I finish reading a book on my kindle — one by Ed McBain, for instance — and I shelve it in the cloud. It vanishes from my “device” and from my consciousness too. It’s very odd.
When I read a
physical book, I remember the text and the book — its shape,
jacket, heft and typography. When I read an e-book, I remember the
text alone. The bookness of the book simply disappears, or rather it
never really existed. Amazon reminds me that I’ve already bought
the e-book I’m about to order. In bookstores, I find myself
discovering, as if for the first time, books I’ve already read on
my kindle.
All of this makes me
think differently about the books in my physical library.
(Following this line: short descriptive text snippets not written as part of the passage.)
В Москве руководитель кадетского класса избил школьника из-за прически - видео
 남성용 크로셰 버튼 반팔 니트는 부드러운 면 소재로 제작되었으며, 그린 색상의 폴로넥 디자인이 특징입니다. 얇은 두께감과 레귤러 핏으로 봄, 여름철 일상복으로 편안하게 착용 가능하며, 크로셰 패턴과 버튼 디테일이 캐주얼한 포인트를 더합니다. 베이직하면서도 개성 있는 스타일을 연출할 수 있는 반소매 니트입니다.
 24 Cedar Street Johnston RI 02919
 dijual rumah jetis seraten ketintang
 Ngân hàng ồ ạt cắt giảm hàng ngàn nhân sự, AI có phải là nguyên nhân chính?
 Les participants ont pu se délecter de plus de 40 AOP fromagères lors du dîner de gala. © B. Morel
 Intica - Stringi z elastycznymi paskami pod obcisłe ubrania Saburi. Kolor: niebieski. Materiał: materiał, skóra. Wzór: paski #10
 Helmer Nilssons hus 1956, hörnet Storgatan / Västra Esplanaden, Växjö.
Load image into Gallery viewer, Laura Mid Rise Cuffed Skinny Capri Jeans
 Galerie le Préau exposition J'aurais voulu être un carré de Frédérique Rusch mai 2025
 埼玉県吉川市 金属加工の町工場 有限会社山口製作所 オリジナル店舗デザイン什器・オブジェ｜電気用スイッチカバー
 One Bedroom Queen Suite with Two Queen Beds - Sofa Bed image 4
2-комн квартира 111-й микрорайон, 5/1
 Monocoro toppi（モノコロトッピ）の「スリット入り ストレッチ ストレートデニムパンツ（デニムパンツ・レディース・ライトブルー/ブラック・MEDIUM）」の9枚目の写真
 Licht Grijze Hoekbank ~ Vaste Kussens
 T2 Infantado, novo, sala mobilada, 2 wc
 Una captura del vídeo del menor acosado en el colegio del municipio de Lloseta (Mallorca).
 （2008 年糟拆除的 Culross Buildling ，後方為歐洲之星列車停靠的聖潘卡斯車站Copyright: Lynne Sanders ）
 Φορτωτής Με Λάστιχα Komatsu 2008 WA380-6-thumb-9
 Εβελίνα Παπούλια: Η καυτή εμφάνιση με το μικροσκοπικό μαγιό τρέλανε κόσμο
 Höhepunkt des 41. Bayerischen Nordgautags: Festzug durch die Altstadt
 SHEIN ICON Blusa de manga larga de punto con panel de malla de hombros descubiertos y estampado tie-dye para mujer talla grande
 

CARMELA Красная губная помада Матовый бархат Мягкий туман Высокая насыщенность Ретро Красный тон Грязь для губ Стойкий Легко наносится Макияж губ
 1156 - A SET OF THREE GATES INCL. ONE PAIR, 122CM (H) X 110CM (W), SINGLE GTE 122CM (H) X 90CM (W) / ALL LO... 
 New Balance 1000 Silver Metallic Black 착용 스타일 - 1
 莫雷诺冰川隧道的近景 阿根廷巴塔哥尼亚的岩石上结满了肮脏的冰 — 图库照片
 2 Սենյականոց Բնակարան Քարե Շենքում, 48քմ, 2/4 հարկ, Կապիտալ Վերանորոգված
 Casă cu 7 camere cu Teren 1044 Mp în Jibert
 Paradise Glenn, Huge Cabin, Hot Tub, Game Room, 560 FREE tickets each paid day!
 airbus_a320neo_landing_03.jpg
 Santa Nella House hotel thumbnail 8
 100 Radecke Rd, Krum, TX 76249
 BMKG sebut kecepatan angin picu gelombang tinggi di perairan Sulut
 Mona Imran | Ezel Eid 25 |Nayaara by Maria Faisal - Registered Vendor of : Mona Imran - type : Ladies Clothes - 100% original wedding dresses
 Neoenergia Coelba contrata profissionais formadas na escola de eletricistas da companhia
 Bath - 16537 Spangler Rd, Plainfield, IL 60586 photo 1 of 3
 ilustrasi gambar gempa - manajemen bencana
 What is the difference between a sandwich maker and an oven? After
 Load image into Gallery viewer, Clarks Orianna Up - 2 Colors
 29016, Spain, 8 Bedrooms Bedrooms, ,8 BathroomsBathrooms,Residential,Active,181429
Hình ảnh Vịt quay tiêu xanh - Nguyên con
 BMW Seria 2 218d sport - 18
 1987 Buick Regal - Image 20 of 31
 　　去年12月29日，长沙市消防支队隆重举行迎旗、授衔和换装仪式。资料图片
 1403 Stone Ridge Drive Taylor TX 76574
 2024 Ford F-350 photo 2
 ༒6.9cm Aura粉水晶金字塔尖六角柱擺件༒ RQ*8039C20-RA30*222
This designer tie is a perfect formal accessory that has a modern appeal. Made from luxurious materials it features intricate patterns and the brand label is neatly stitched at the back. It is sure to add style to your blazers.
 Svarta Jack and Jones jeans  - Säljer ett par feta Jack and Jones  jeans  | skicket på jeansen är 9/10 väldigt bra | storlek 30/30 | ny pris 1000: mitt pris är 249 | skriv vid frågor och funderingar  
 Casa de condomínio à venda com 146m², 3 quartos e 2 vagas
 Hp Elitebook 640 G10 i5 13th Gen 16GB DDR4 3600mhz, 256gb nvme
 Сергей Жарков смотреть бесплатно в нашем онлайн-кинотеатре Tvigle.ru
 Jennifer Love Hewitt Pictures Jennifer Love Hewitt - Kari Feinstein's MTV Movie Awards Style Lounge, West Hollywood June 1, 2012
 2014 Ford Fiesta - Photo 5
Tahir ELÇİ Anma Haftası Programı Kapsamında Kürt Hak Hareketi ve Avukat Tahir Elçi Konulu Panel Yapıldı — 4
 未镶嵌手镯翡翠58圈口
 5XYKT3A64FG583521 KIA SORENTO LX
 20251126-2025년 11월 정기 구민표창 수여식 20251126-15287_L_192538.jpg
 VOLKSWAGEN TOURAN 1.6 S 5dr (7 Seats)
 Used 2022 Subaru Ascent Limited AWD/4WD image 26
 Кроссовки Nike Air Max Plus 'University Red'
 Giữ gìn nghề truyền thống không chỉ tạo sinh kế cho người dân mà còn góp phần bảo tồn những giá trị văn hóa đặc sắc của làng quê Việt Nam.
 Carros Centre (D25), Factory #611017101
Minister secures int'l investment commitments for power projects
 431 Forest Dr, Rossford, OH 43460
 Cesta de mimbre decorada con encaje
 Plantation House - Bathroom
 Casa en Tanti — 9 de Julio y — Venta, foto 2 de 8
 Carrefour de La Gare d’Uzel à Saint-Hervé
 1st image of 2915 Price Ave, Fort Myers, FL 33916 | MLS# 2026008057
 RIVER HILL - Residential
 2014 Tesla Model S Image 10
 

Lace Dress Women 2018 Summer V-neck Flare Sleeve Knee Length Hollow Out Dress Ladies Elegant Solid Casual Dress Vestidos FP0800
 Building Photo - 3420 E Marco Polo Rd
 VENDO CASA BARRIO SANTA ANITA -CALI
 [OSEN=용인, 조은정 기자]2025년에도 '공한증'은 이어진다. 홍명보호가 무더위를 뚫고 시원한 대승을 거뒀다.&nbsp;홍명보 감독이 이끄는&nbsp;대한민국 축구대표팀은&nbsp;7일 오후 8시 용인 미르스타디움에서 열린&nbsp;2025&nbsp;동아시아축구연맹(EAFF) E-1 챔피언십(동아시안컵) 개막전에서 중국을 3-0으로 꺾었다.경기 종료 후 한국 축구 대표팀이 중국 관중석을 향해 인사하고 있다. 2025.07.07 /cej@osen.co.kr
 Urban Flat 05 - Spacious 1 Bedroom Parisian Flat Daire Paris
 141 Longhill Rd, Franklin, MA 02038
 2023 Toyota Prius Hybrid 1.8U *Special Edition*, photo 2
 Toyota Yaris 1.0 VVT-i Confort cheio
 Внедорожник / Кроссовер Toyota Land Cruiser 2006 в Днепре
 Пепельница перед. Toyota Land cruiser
They used
to be simply there, arranged on the shelves, a gathering of books I’d
already read. But now, when I look up from my e-reading, I realize
that the physical books are serving a new purpose — as constant
reminders of what I’ve read. They say, “We’re still here,” or
“Remember us?” These are the very things that e-books cannot say,
hidden under layers of software, tucked away in the cloud, utterly
absent when the kindle goes dark.
This may seem like a
trivial difference, but that’s not how it feels. Reading is
inherently ephemeral, but it feels less so when you’re making your
way through a physical book, which persists when you’ve finished
it. It is a monument to the activity of reading. It makes this
imaginary activity entirely substantial. But the quiddity of
e-reading is that it effaces itself.
In the past several
years, I’ve read nearly a lot books on my kindle. They’ve changed
me and changed my understanding of the world, distracted me and
entertained me. Yet I’m still pondering the nature of e-reading,
which somehow refuses to become completely familiar. But then,
readers are always thinking about the nature of reading, and have
done so since Gutenberg and long before.
There is a
disproportionate magic in the way black marks on white paper — or
their pixilated facsimiles — stir us into reverie and revise our
consciousness. Still, we require proof that it has happened. And that
proof is what the books on my shelves continue to offer.